The case has been rumbling on for nearly a full year, and finally, here we are.
According to Waymo, Levandowski downloaded thousands of documents containing its trade secrets onto a thumb drive just a few days before he unexpectedly quit the company – a theft, we’re told, that took many months and a forensic analysis of Google’s servers to discover.
That alleged theft, and what Uber may have known about it, is the center of a case that could decide the future of self-driving technology and possibly Uber itself. If the court decides Uber knowingly stole trade secrets, it faces a fine that could stretch to billions of dollars. It could also be told to stop its development of self-driving technology, removing a critical competitive advantage in the market and condemning Uber to live within a ride-sharing app box.
Unsurprisingly, Uber and Kalanick claim they had no idea that Levandowski had stolen the documents, as Waymo claimed; that they never saw them; and, perhaps most importantly, that none of that technology appears in Uber’s self-driving technology.
“Did you ask Levandowski to bring Google information to Uber?” Uber’s lawyer asked his former CEO. “I did not. Ever.” A follow-up: “Did Mr Levandowski tell you he was going to bring Google information to Uber?” Kalanick: “He did not.”
I rest my case
OK, well that’s that sorted then, everyone can go home. Except, there does seem to be rather a lot of coincidences piling up.

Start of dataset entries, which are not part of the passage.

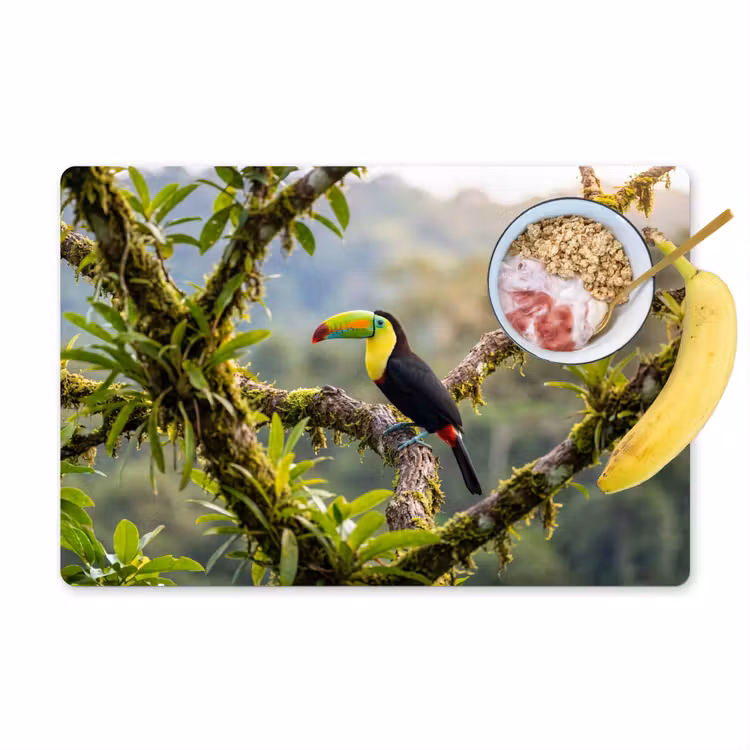 Set de table – 6 pièces - Toucan - Jungle - Nature - Coloré — 1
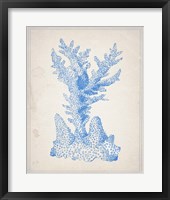 Framed Blue Coral 1
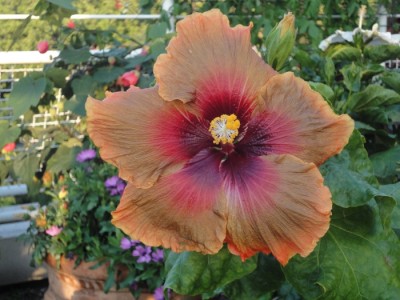 Midnight Serenade.JPG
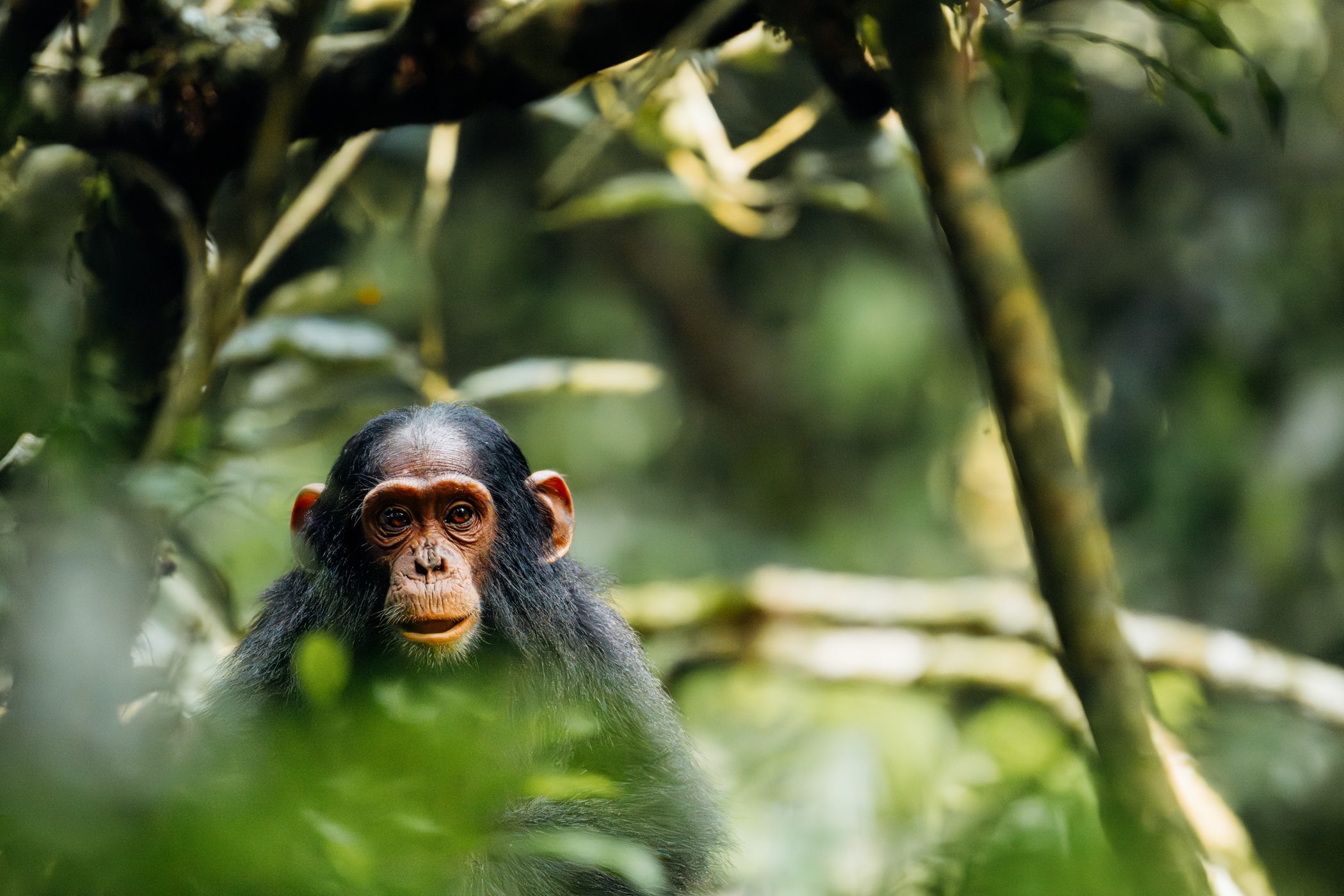 Juvenile chimp as seen during a chimpanzee habituation experience in Kibale National Park in Uganda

First, there was Kalanick’s intense focus on the very technology in which Levandowski specializes – LIDAR. LIDAR is critical to autonomous vehicles. It is a fast, accurate radar-like system that uses lasers to see what is going on around a car at any given moment.
Without perfecting the technology, the dream of a self-driving car is just that – a dream – and Uber’s own estimates are that with its own LIDAR sensors, the taxi app company could remove its largest overhead, and one that accounts for 70-80 per cent of its costs: human drivers.
Kalanick managed to sum up the technology’s importance in his own special way. “Laser is the sauce,” he wrote in an internal email presented in court.
Kalanick’s emails and texts have also been used to show how LIDAR contributed to a breakdown in communications between Uber and Google. Google/Alphabet CEO Larry Page was furious when Uber started poaching engineers with LIDAR smarts from its self-driving arm, making it plain that Uber intended to move into that market. That Kalanick was willing to make an enemy of Google showed just how focused he had become on self-driving technology, lawyers suggested.
Thanks to Kalanick’s tech bro way of talking, the case has resulted in numerous unusual court exchanges, some of which have led some jurors to roll their eyes. They’ve also provided some fun fodder for what is, in many ways, a dry technical exploration of technology.
Kalanick had referred to a “jam sesh” in his notes and texts, leading to a brief legal discussion of what such a session represented. Once that was resolved, the court was gifted with a question from a highly paid, straight-laced lawyer to Kalanick: “So during your jam session you discussed laser being the sauce?” Just as ridiculously, Kalanick then adopted the persona of a corporate lawyer. “That is a description of what was discussed, yes,” he responded.
Gordon Gekko
Another fun tangent was Waymo’s repeated efforts to play the famous “greed is good” speech from the movie Wall Street on the pretext that Levandowski had texted it to Kalanick and got a thumbs up in response.
Waymo’s lawyers are hoping that it will stick in the jurors’ minds when they consider the relationship between the two: that they were both driven by greed, and to hell with the law and whatever else got in the way.
As ridiculous as that tactic may seem, Uber’s lawyers recognized the danger of creating a simple shorthand and argued against the clip being played. Eventually it was.
The greed aspect is relevant however. As had been reported countless times, Uber and Kalanick’s drive to squash competition and steal the market has frequently seen the company behave unethically, and very possibly illegally. There was seemingly no limits on what the company was prepared to do, if Waymo’s lawyers are to be believed.
Would Kalanick have accepted stolen trade secrets if it furthered his goals? Would he have conspired with Levandowski to get hold of that material? The answers to those two questions may well tip the balance in this case. And the truth is that there isn’t a soul in Silicon Valley that doesn’t think Kalanick was capable of it; but that of course is very different to proving that he actually did.
And when it comes to that question – did Uber conspire to steal trade secrets? – there will be three key elements, in order of importance:
- Is the Waymo technology somewhere in Uber’s technology?
- Did Uber have access to that alleged stolen technology, even if it didn’t use it?
- Did Uber conspire with Levandowski to get an edge over Wamyo in LIDAR technology?
On the first question, Uber has stated repeatedly and outright that Waymo’s tech is not in its tech. Its confidence on that point is notable. But then at the same time, it has to say that or it is game over.